I have a much stricter definition of passive income: vehicles where your income is fixed/predictable month-to-month, and which require a maximum of one or two trivial, online upkeep activities per month.

So, here are a couple of my favorite passive income streams:
  • Recurring Serve loads. Even with Serve loads restricted to American Express cards, as long as you have a Fidelity Investment Rewards American Express, you can automate $1,000 in loads every month that require no maintenance except making a bill payment or transferring the money to a linked checking account.
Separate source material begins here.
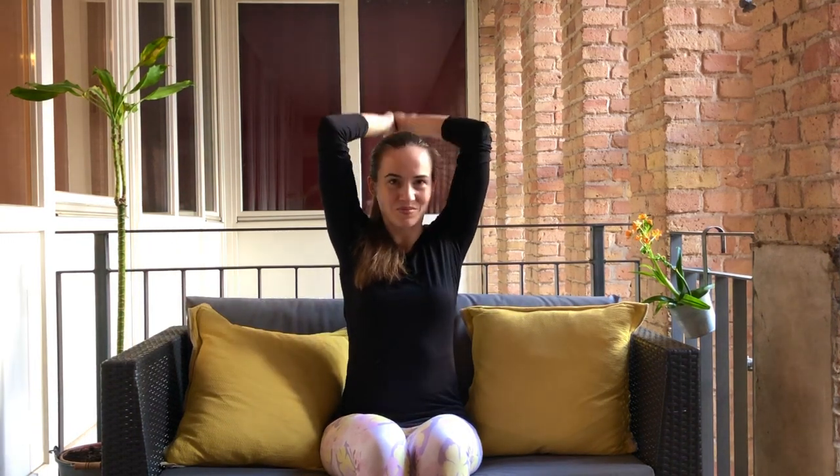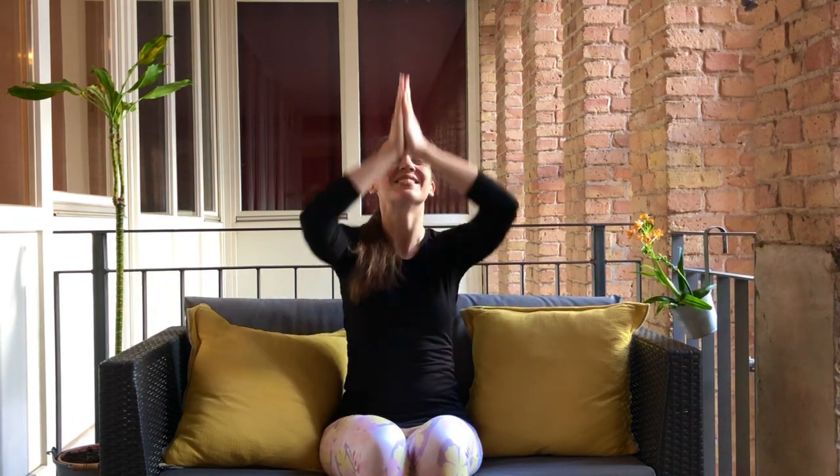Now lift the prayer up to the sky and bring it to the back of the neck, stretching through the triceps. Back up and then back to the chest — let's do that a few more times. What's great about this one is that in stretching the triceps, we're actually stretching the connecting tissues all the way down the arm, which can definitely contribute to wrist pain. So we're working our wrists and getting a little bonus triceps work as well.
Profit: $20/month. Maintenance: 1 click/month.
  • Bank of America Better Balance Rewards. Make a single Amazon gift card purchase with the card each month, automate full payment, earn $25/quarter ($30 per quarter if deposited into BoA deposit account). Profit: $8.33-10/month (deposited quarterly). Maintenance: 1 purchase per statement cycle. Can hold as many cards as you can be approved for.
  • Mango savings accounts. Earn ~$24.34 per month when you have $5,000 deposited into a Mango savings account. Pay $3 per month for the prepaid account. Profit: $21.34/month. Maintenance: transfer money to prepaid account; spend.
What are your favorites (abiding by the fixed-income and minimal-maintenance restrictions)?
You could set up multiple mango accounts under your name as well. So it could be 42.68 a month from Mango.
 

haserfauld

Level 2 Member
I wasn't trying to redefine anything or step on any toes, I just wanted to clarify exactly what question I was asking ("what are your favorite risk-free, low-volatility, low-maintenance income streams?").
Fair enough. I think we should just use the term pajama income then =)

I personally use RB, which is active, so no Serve for me.
I use Bing to supplement Amazon GCs every month.